In some of my projects, I’ve recently had the need to utilize FMA (fused-multiply-add) or AVX instructions. Compiling C/C++ on X86_64 will by default only activate MXX and a few of the early SSE extensions. The utilized instruction set basically predates the core2 which was introduced in 2006.
Math instructions and vectorizations can greatly benefit from more
modern instructions like SSE4*,
FMA, AVX, AVX2, etc, but because of the way the -march
compiler option works, those are not easily enabled for all CPU types of
similar age.
-march=native
enables all the bells and whistles of the compiling CPU, which is good for locally compiled programs to e.g. do number crunching, but the resulting program is unlikely to run on a CPU of similar age from a different manufacturer.-march=bdver4
runs on the last AMD Bulldozer variant and later AMD CPUs, but uses FMA4 or SSE4A which are AMD specific and break Intel CPUs.-march=haswell
runs on all Intel CPUs from the last 7 years, but is allowed to use HLE instructions not supported on Bulldozers, etc.
With the -Q --help=target
options, GCC can tell what
specific features are enabled, given a specific architecture
(excerpt):
gcc -Q --help=target -march=haswell
-mavx [enabled]
-mavx2 [enabled]
-mbmi2 [enabled]
-mssse3 [enabled]
Using the Wikipedia lists of AMD’s APU release dates and the Intel Core release dates together with the GCC X86 instruction set options, we can determine which options are common to AMD and Intel CPUs of a certain age and are available to compile binaries with modern instruction sets that run on both brands.

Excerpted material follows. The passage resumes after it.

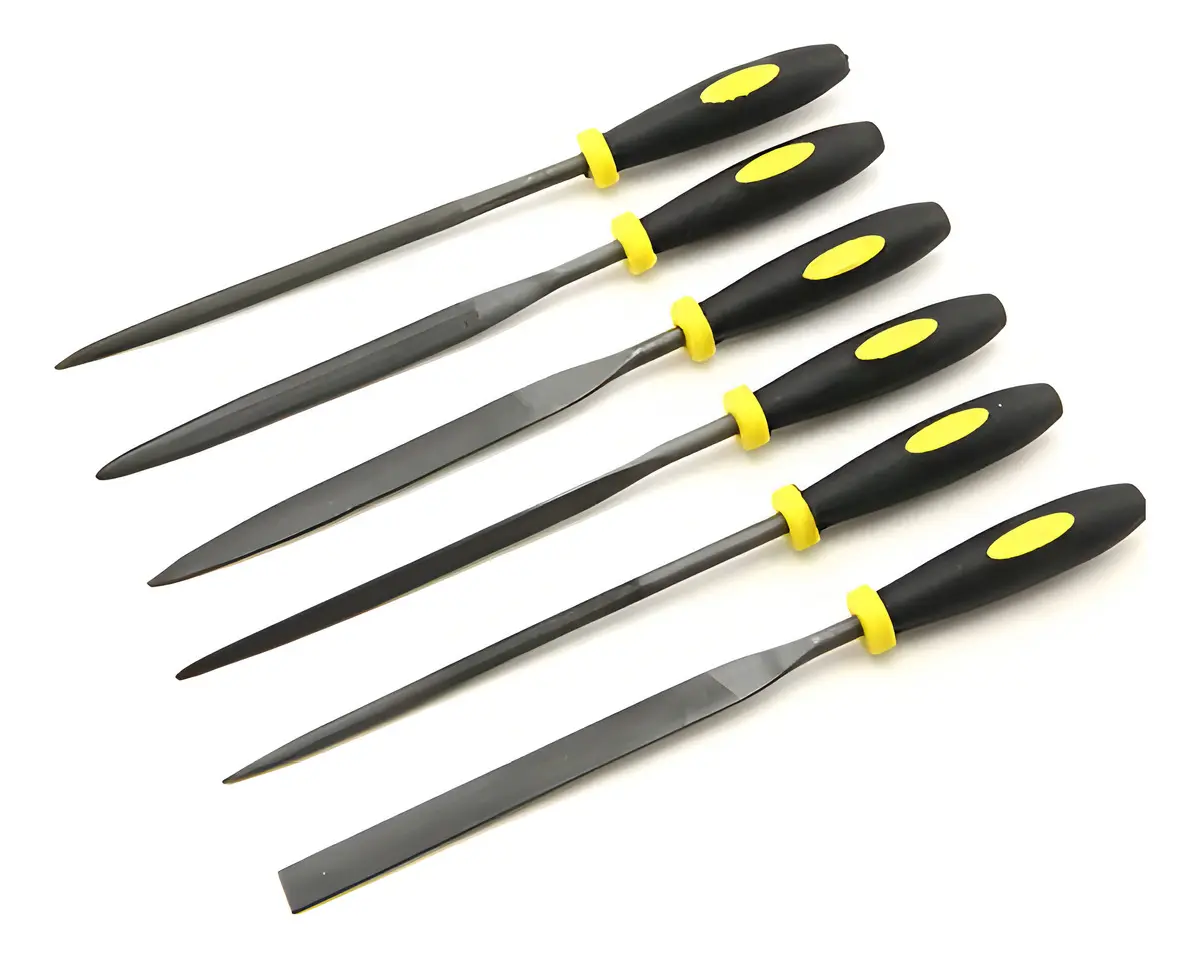lima con mango de goma x 6 pcs ch 3245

As a result, here is a Makefile snippet for GCC/Clang, that picks up
all recent extensions which should run on all AMD CPUs since 2015 and
Intel CPUs since 2013. The snippet sets up OPTIMIZE
(to be
added to CFLAGS/CXXFLAGS
) by selecting all instructions
supported by both Haswell
and the latest Bulldozer - unless /proc/cpuinfo
shows the
compiling CPU is older by checking the BMI2
flag:
uname_M ::= $(shell uname -m 2>/dev/null || echo None)
# AMD64 / X86_64 optimizations
ifeq ($(uname_M),x86_64)
# Use haswell (Intel) and bdver4 (AMD Excavator Family 15h)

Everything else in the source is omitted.